DHL isn’t a possible match, according to BB&T, because the integrators are too similar. Plus, EC scrutiny in any deal between the two European companies could be just as stringent as the failed UPS deal.
“TNT faces an uphill battle to try to restructure, but will most likely keep losing market share to the big three and could eventually be driven out of business,” the analysts wrote. “However, before the final nail is in the coffin, parts of the company may be sold off.”
If parts of TNT are disassembled, the analysts wrote, FedEx or DHL might be interested in TNT’s ground network, among other portions of the company.
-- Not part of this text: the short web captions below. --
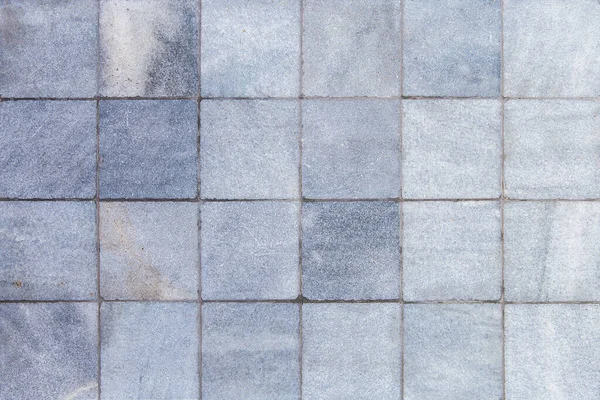 青い色の壁のタイル石のパターンの背景 — ストック写真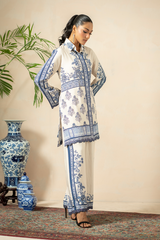 Shamaeel Ansari | Heritage Mist | Blue Opal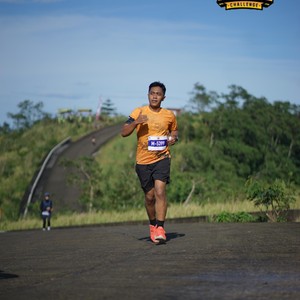 Race photo from KELUD VERTICAL CHALLENGE 2025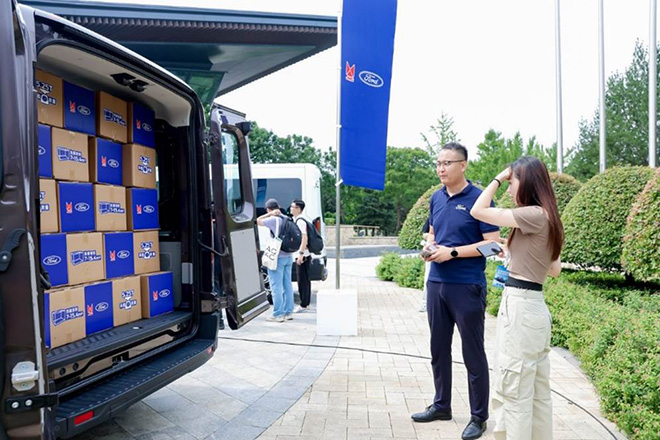 江铃福特全顺T8 提供全场景用车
UPS has emerged from the debacle relatively unscathed and in a good position for growth, according to BB&T. The analysts expect UPS to report it has seen solid growth in all four segments during this last quarter. The integrator will continue to grow its healthcare segment and expand its reach in China, Latin American, Vietnam and India.
Ultimately, pulling out of the deal before the European Commission’s ruling officially came down was a good decision, the analysts wrote. Paying the $267 million termination fee won’t seem like that big of a hit in the long run.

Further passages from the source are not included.